Bitcoin has scaled to meet demand, and though bitcoin cash proponents might argue that the scaling is insufficient, scaling innovation continues. Developers are working on the introduction of Schnorr Signatures which increases block capacity by another 25% without increasing weight. This was made possible after the integration of SegWit. And of course, the Lightning Network, a tier-two protocol offering nearly instant and nearly free transactions off chain via multisig “smart contracts”, will not make it to bitcoin cash, which hopes to avoid the need for lightning via on-chain transaction capacity increases. At press time, the Lightning network is growing quickly, with 10,000 payment channels and a 100 btc capacity. Secondary lightning marketplaces and wallet infrastructure is developing alongside the protocol.
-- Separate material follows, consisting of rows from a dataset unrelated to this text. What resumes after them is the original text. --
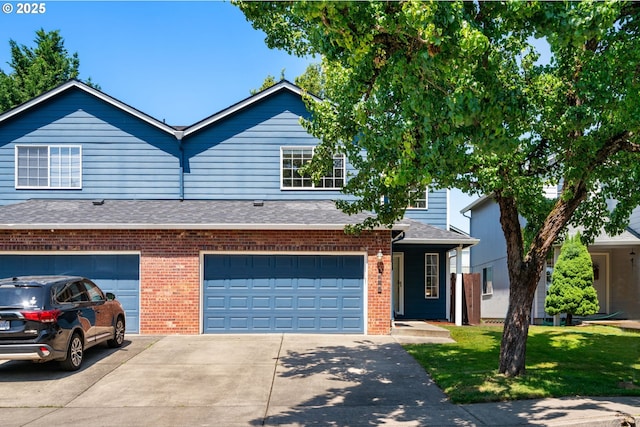 1608 NE 154th St, Vancouver, WA 98686 - view of front of property with driveway, an attached garage, brick siding, a front lawn, and roof with shingles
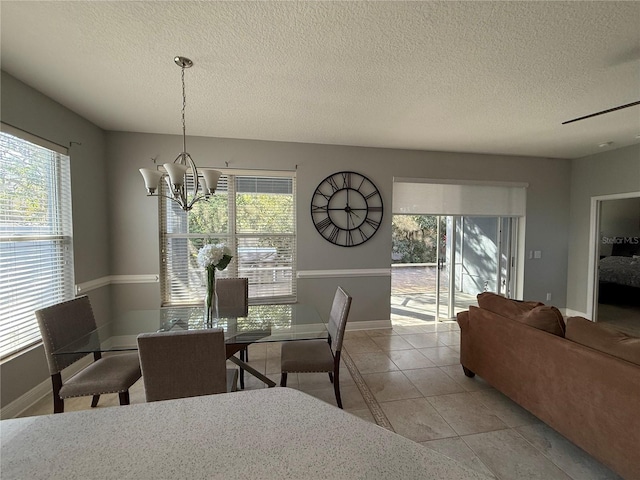 dining space featuring baseboards, plenty of natural light, a notable chandelier, and a textured ceiling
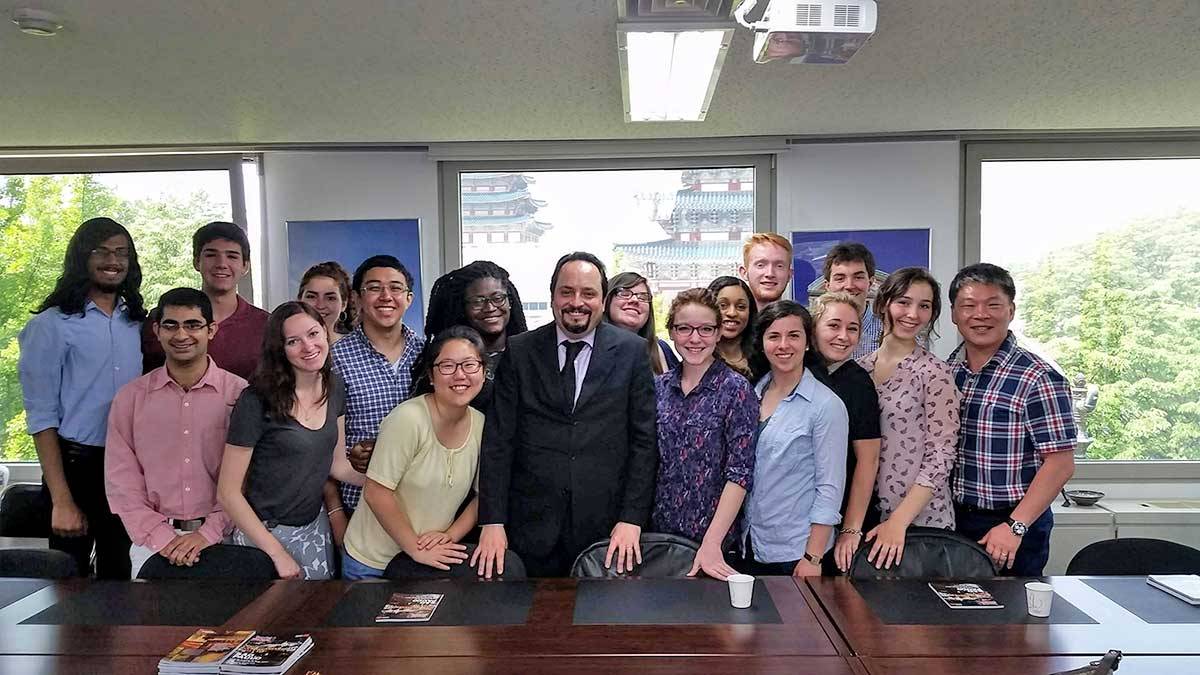 John Palmer and he Benton Scholars take a group photo while traveling in Korea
We see the scaling efforts from the bitcoin development team as innovative and exciting. We find convincing the argument that lightning can become bitcoin’s tcp/ip stack, with lightning nodes playing the role of IPs and channels playing the role of TCP connections.

Bitcoin cash has not been able to attract top development talent, and it’s node distribution, long a KPI of the bitcoin network’s health, is over 50% hosted on alibaba servers (meaning they are likely from one source), one of the elements that prompted likely-Satoshi Nick Szabo to call bitcoin cash “centralized sock-puppetry”. (In response bitcoin cash proponents argue that non-miner nodes are not important anyway). Considering these nodes are the “peers” in the distributed peer-to-peer network, we do not find arguments that nodes are not important credible.

Faced with a lack of developer interest and poor comparative performance, Ver et al have retreated into an aggressive marketing posture, one area in which they hold a distinct advantage over bitcoin. The general strategy is to paint an alternative narrative making it difficult for unknowledgeable users to distinguish the fundamental value of bitcoin cash and bitcoin.

Brand Hijacking

Nothing infuriates Roger Ver more than someone calling bitcoin cash bcash. This is because without the word bitcoin bitcoin cash loses brand equity and will be judged on its development and network, like any other altcoin. The additional word “cash” also dilutes the brand, and so there has been a sustained effort to rebrand bitcoin as “bitcoin core” and thus level the playing field.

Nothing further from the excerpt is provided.